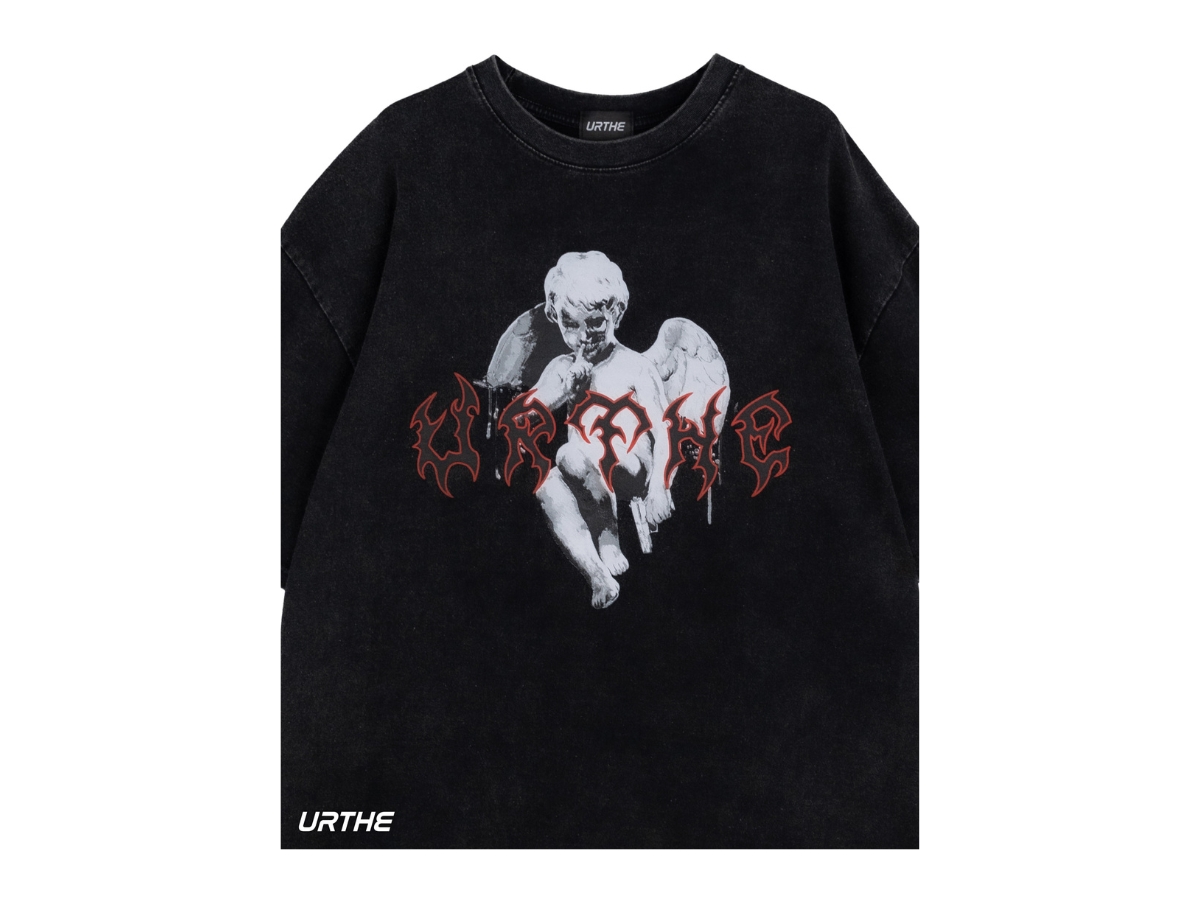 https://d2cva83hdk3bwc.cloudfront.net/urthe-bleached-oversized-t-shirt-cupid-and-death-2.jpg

...

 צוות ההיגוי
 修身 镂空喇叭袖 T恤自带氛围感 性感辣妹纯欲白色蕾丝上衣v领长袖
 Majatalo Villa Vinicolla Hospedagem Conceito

---

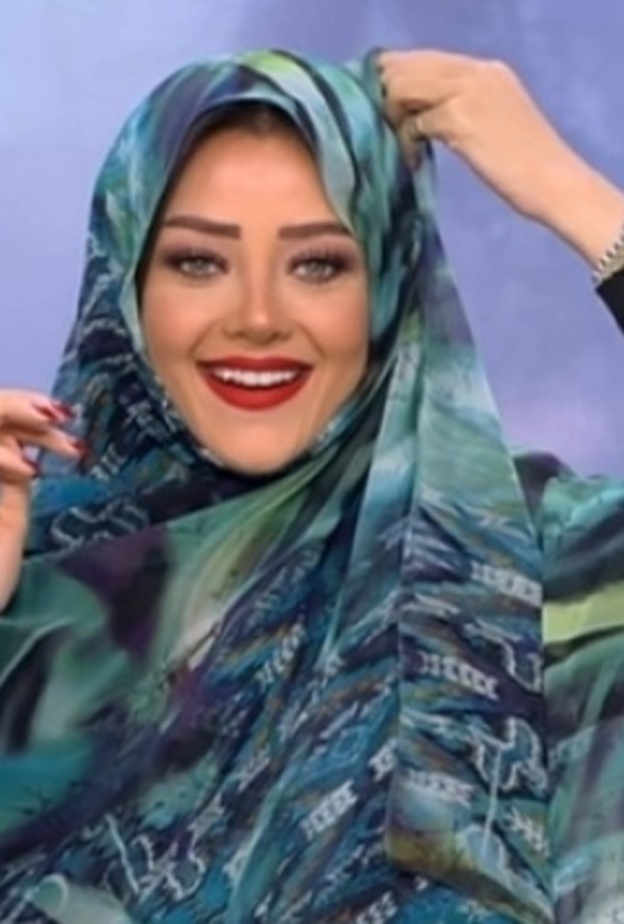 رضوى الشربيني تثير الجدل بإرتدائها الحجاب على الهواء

> **Task**: Begin at the line that has "修身 镂空喇叭袖 T恤自带氛围感 性感辣妹纯欲白色蕾丝上衣v领长袖" in the entries above; stop after the line that has "Majatalo Villa Vinicolla Hospedagem Conceito". Transcribe exactly those lines and no others.

> **Written response**:
 修身 镂空喇叭袖 T恤自带氛围感 性感辣妹纯欲白色蕾丝上衣v领长袖
 Majatalo Villa Vinicolla Hospedagem Conceito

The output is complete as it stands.